Significantly, both Lakes and McGovern first emerged into the public realm as a result of disclosures by a number of anonymous sources at the DIA claiming to have information an alien exchange program. Known subsequently as Serpo Project or Project Crystal Knight these former DIA employees described the details of a project involving up to 12 personnel that traveled to planet Serpo in the constellation of Zeta Reticulum as guests of the EBEs. Collin’s includes information on Project Serpo in the final section of his book. The Serpo information becomes significant because Doty described the planet Sieu in Zeta Reticulum as the home world of the EBE he witnessed in the interview (143-44). So Doty provides some confirmation for the project Serpo material and in the process confirms that Gene Lakes indeed worked for DIA at Area 51 and S-4. So Lakes offers important corroboration for Project Serpo and in the process debunks the Dan Burisch case along with McGovern, also a former DIA official. These former DIA officials are who they claim to be based largely on Doty’s testimony and his reliability as a source.

 

In conclusion, Exempt from Disclosure represents the efforts of the main author to piece together and make sense of many strands of testimony offered to him by a number of individuals starting from the informal networking of the Aviary study group over nearly 20 years since 1986. The book’s detailed diagrams of the physiology of EBEs; reflections on Majestic 12 control group; the physical layout of S-4; and the intelligence backgrounds of Allen Dulles, James Jesus Angleton and Richard Helms are all very revealing in relation to UFO information.
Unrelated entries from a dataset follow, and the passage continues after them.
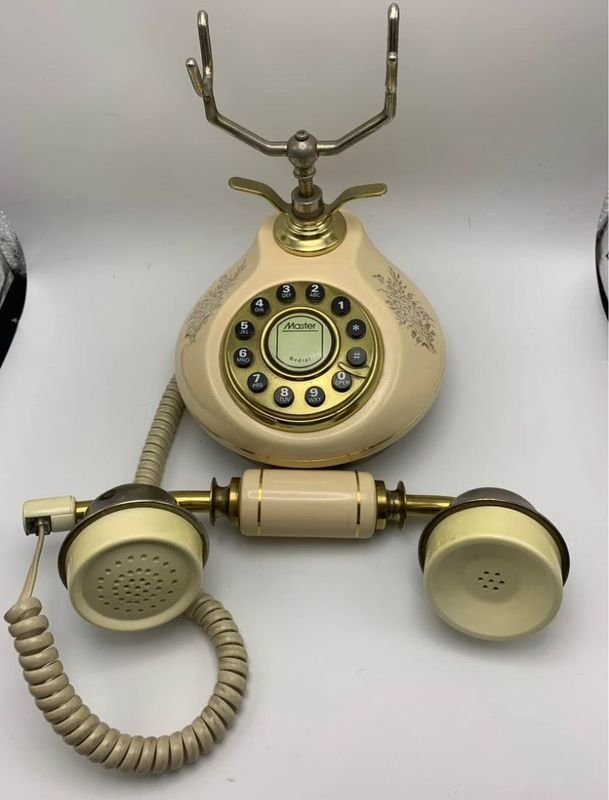 Teléfono vintage con diseño clásico - imagen 2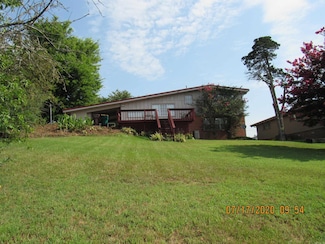 104 Cedarcrest Dr, Morrilton, AR 72110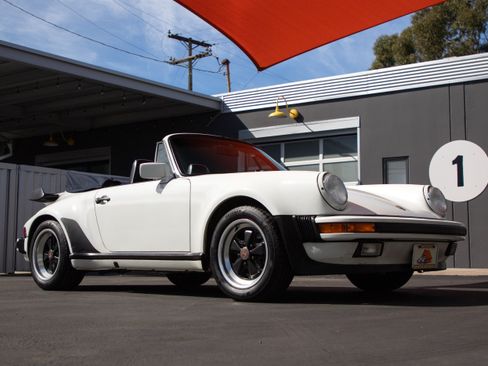 Used 1988 Porsche 911 Carrera image 8
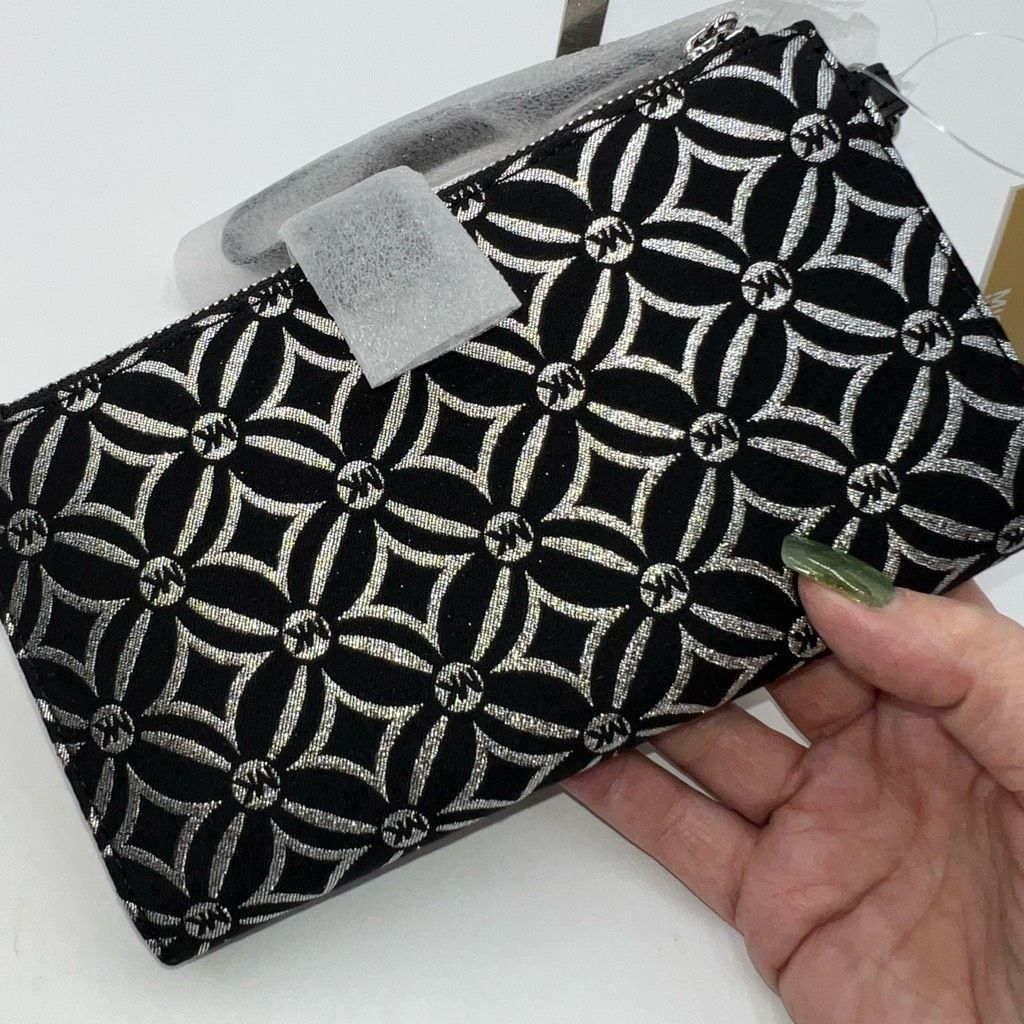 Michael Kors Michael Kors Jet Set Travel Large Double Zip Wristlet in Bla Size ONE SIZE - 8 Thumbnail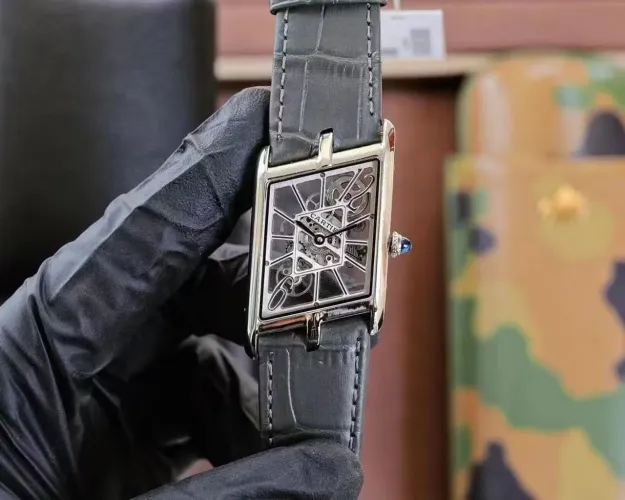 Relógio Cartier tank quadrilátero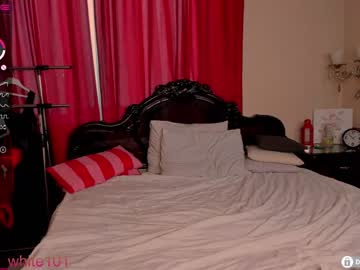 girl cam all day foxhilary image #1701231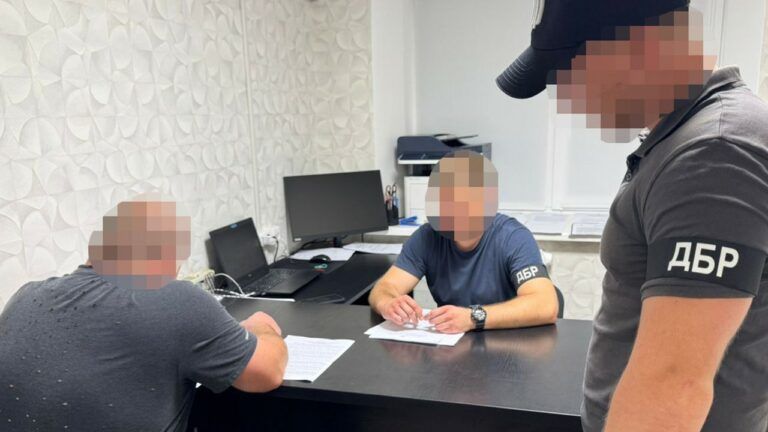 ДБР Донеччина незаконні виплати
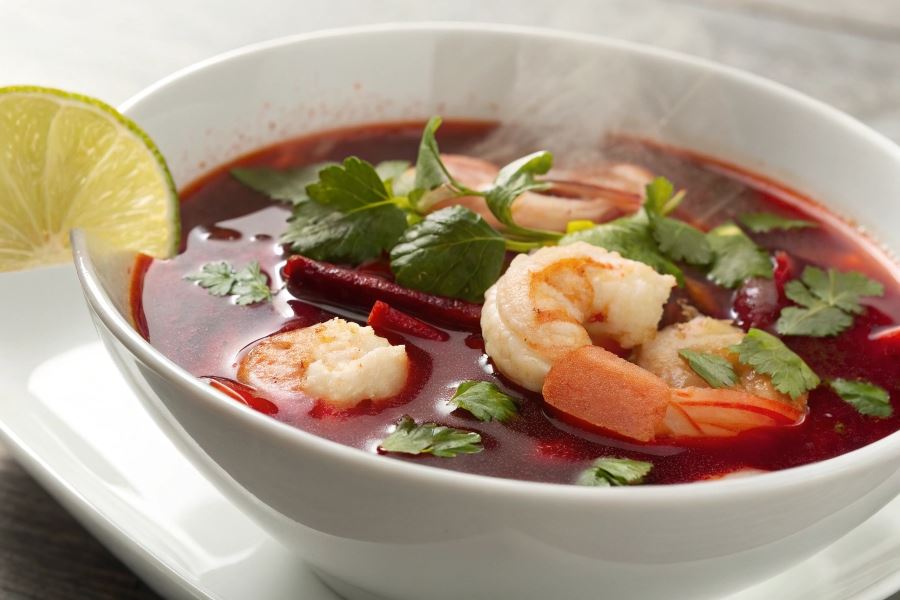 Czerwony barszcz po tajsku z krewetkami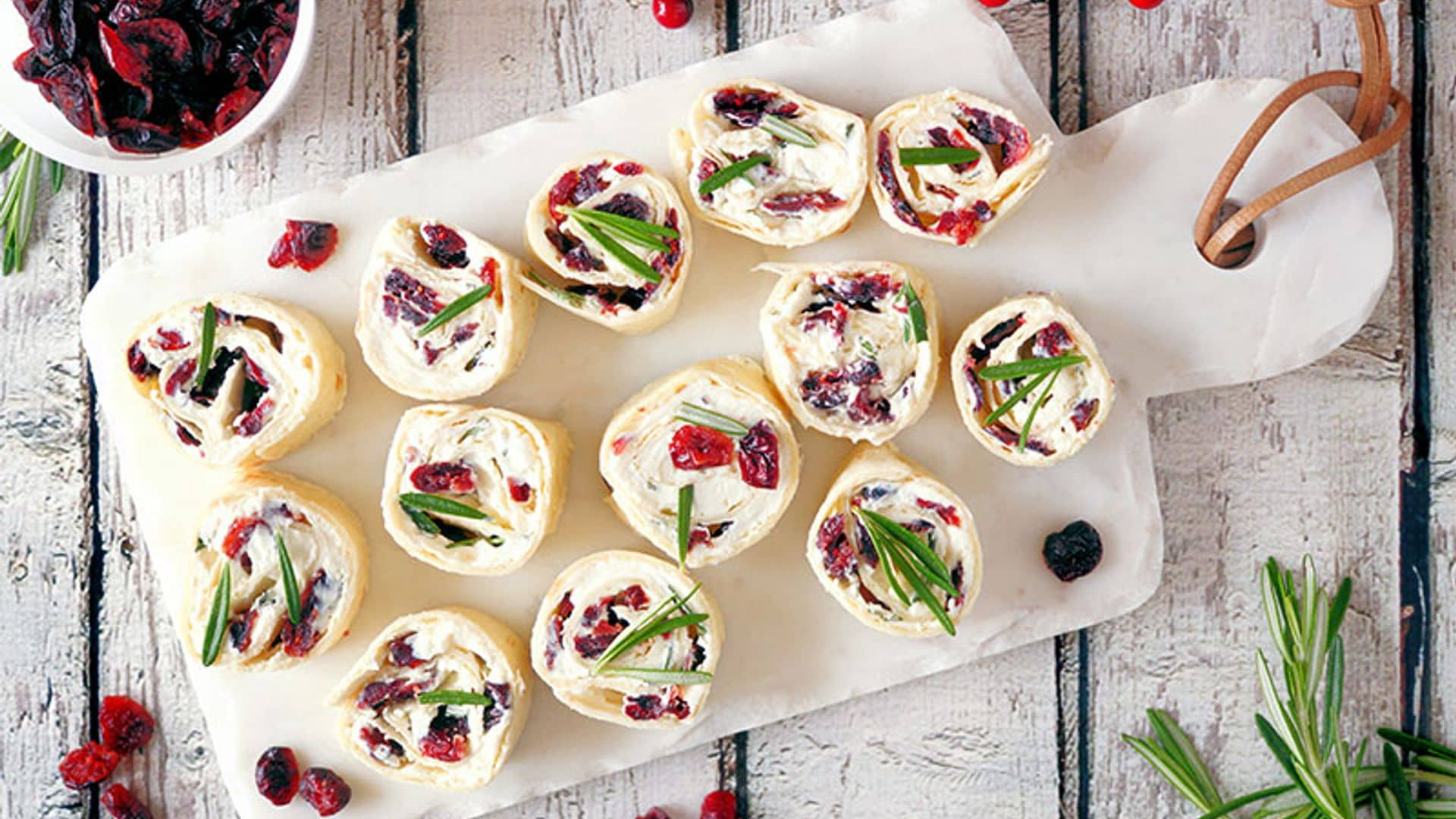 'Rolls' navideños de queso crema con arándanos y romero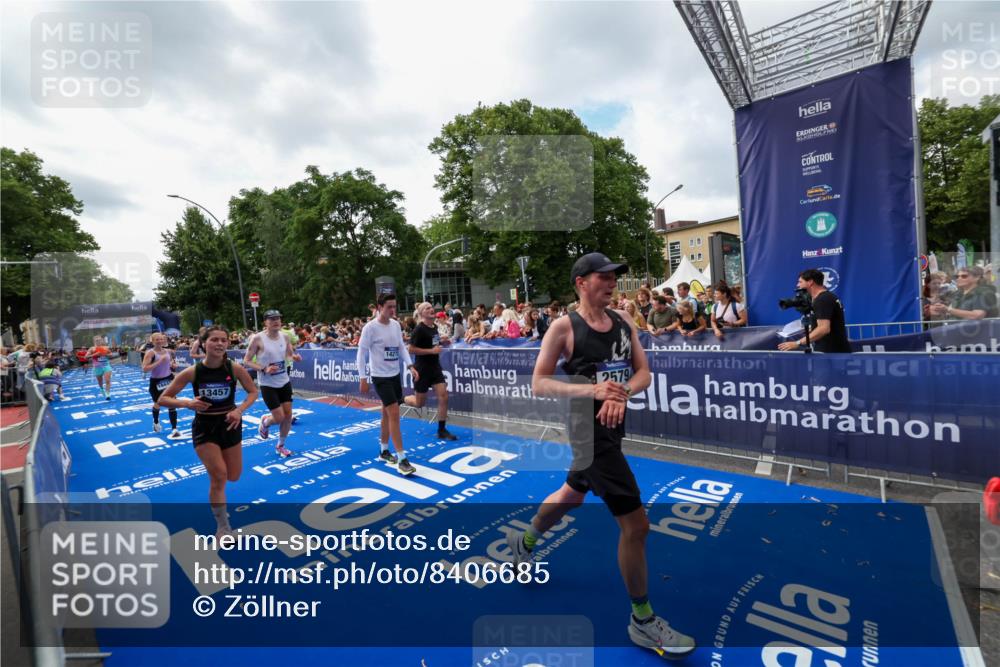 29.06.2025 - hella hamburg halbmarathon Zöllner http://msf.ph/oto/8406685 29.06.2025 10:41:38 Ziel 2579, 5987, 8358, 9885, 10894, 12588, 13457, 13714, 14275, 16084, 17159, 18442, 18491 meine-sportfotos.de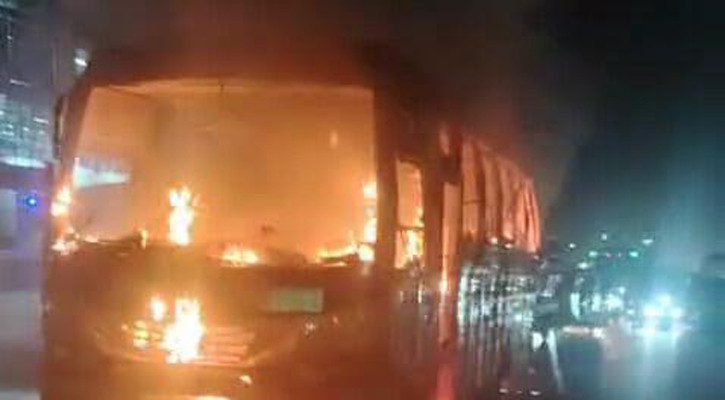 গাজীপুরে চলন্ত বাসে হঠাৎ আগুন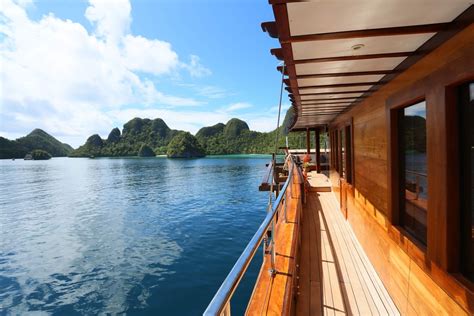 Book Unique Raja Ampat Yacht Charter From Waisai ~ Islander
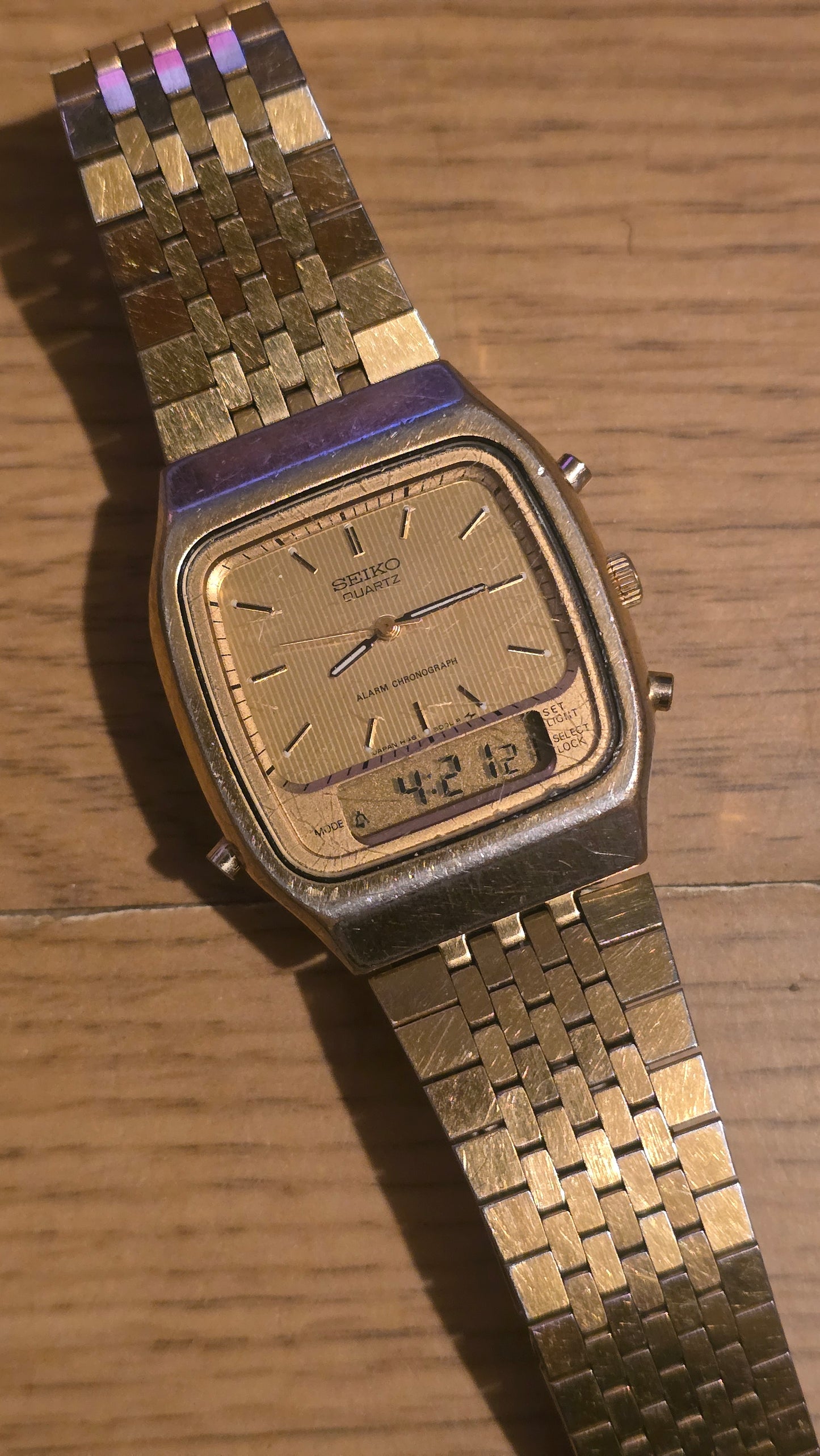 Seiko Gold Coloured Mens Digital / Analogue Vintage Quartz Watch - Pre-owned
Collins is a competent researcher working systematically with material that has much validity and importance for the study of UFOs. Unfortunately, the prominence of Richard Doty in the first and second edition, and the inconsistencies raised over his experiences and educational background, introduces an element of uncertainty in the overall accuracy of the material in Exempt from Disclosure. While that detracts from the ultimate plausibility of the book, it does not diminish the book’s importance in terms of systematically presenting information gained over two decades of research by some of the key individuals associated with the intelligence community and the Aviary ‘study group’. There is much in Exempt from Disclosure that will help researchers understand some of the key intelligence players in the classified history of UFOs, and paints a coherent picture of UFO related activities and entities that still remain an enigma to most. This is a book that should be added to the library of any serious researcher of the UFO/exopolitical phenomenon.

***

 

 

Reviewer: Michael E. Salla, PhD. Chief Editor, Exopolitics Journal. Main website: www.exopolitics.org .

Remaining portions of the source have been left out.